By Antonio
The genocide of Gazans has for months already been soul crushing to watch from afar (of course, nothing compared to experiencing it). For months I have spent nearly every day learning of some new atrocities, every day looking at my own child and imagining the horrors facing so many Palestinian parents and children. The seeming unstoppability of Israel’s aggression and our country’s elites’ willingness to support it only adds to regular feelings of dread, horror, and impotence.
And then came Aaron Bushnell’s self-immolation on February 25, 2024.
Aaron was an enlisted member of the US Air Force, but had developed a radical anti-imperial politics through his time serving, and was active in mutual aid projects and online anarchist spaces. Setting himself on fire in front of the Israeli embassy, he made clear his call for a Free Palestine, shouted as he took his last breaths.
Aaron was a comrade, no longer willing to be complicit.
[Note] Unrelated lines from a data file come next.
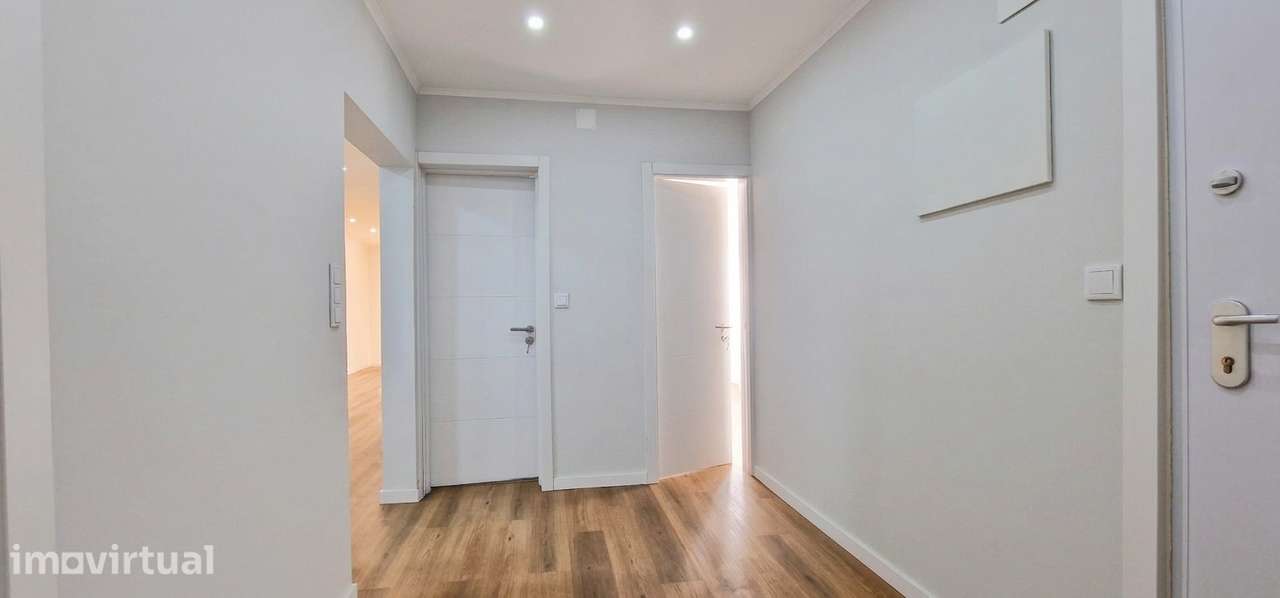 T2+1 Remodelado com Terraço na Falagueira - Grande imagem: 4/20
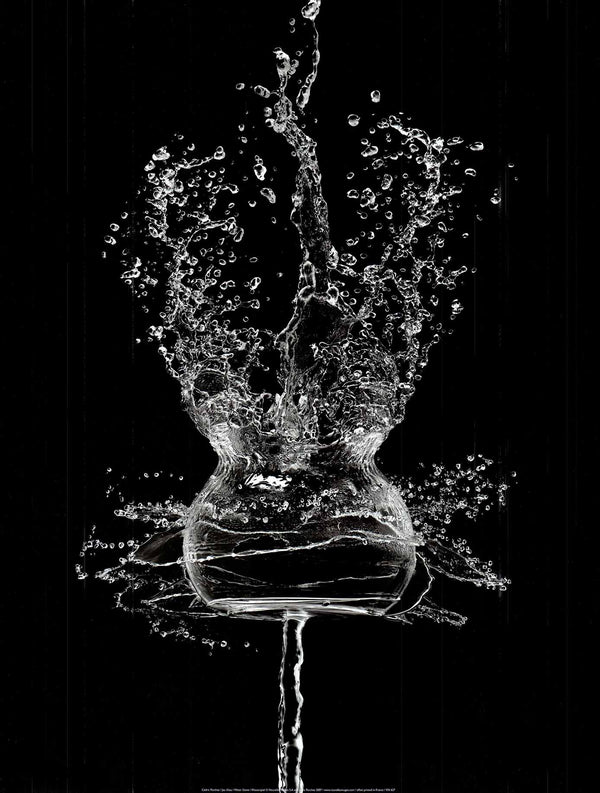 Jeu d'eau par Cédric Porchez - 20 X 28" - Affiche d'art.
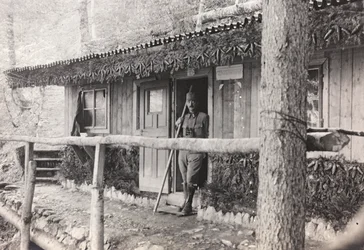 Album "Mitt världskrig - minnen av sydvästra fronten i Kärnten, Italien, Trentino-Alto Adige) 31/03/1915-12/11/ 1918 - Josef Zohles Wien ": Kommandoämbetet (s/v foto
He was caught in a situation of having signed away his life to the US military industrial complex, which was about to assign his work and skills to support Israel in its genocide and ethnic cleansing of Gaza. There are solid arguments against killing oneself as a political act, and I am not suggesting self-sacrifice is the ‘right choice’ for action: if he had not chosen this way, perhaps Bushnell would have continued to struggle against the military and contributed his heart and soul to liberation movements over many decades.
But we should recognize that historical change is not linear, we never know what the effects of our actions are, and we shouldn’t rush to judge another’s actions. People around the world are now celebrating Aaron as a representation that even US Americans can stand against empire, and that’s worth something. His action has also catalyzed much discussion and reflection domestically about what we all could do to stop US/Israeli impunity.
His words (posted online days before his act) strike my heart many times over:
“Many of us like to ask ourselves, ‘What would I do if I was alive during slavery? Or the Jim Crow South? Or apartheid? What would I do if my country was committing genocide?’ The answer is, you’re doing it. Right now.”
I am guessing many of you out there are struggling with this like I am: what could I possibly do to interfere with this genocide? How can I do something that wouldactually change the situation, since marches and petitions seem so inadequate to the task? I have gone to protests against Zionists, port shutdowns, and marches when I can; I write to awful Zionist politicians who I highly doubt will care about my postcards and emails (but I do it nonetheless).
We shouldn’t have to kill ourselves to make change (and I truly believe we are all more valuable to the world alive than dead), but Aaron’s example shows that sometimes, extreme situations call for extreme responses. And that extreme responses can catalyze discussion and action more than the socially-acceptable forms of “politics” we are encouraged to prioritize.
Why aren’t more people responding outside of those forms? Why am I not doing more radical acts of direct action, of sabotage, of afflicting those who are inflicting harm, of laying my body on the line? Like many, I have my excuses. We should not act from guilt, but neither should we expect change to come without being uncomfortable, or inconvenienced, or put at risk.
Ultimately, my own barriers to action seem mostly a matter of disconnection: I don’t want to act alone, and need to find my people and get organized.
I have begun to organize with a Palestine Liberation Collective at my workplace (which is a start, but I don’t think we’ll be occupying our boss’s office just yet). What I (and I think many people) really need is a like-minded group of people who want to do more. Mutual encouragement, a feeling of belonging, a dismantling – act by act – of our own alienation.
It’s time (as if it ever stopped being time) to form affinity groups and get creative, and get confrontational. Confront war profiteers at their fancy dinners. Confront our locally elected assholes like State Senator Scott Wiener and Berkeley Mayor Jesse Arreguín at their fundraising events. Confront military recruitment centers, Elbit Systems weapons producers, and the tech companies actively censoring pro-Palestine content on social media and elsewhere.
People are rightfully livid about this ongoing genocide, and I think they (we!) are ready for more intense and extreme ways to fight back. The radical right knows how to radicalize their base – why doesn’t the radical left?? But let’s radicalize with values of care, dignity and solidarity, and with a vision of a world without wars, prisons, politicians and settler colonies. Let’s remind people – as Aaron Bushnell has with one selfless act – that when another world exists in our hearts, the world outside us cannot stay as it is forever.
We simply need to keep our hearts whole, keep our vision clear, keep our friends and communities close, and act fiercely and autonomously. You never know what may come of it.
With deep mourning for the 30,000 Palestinian martyrs (and counting), R.I.P. Aaron, and all others who refuse to accept this awful world as it is.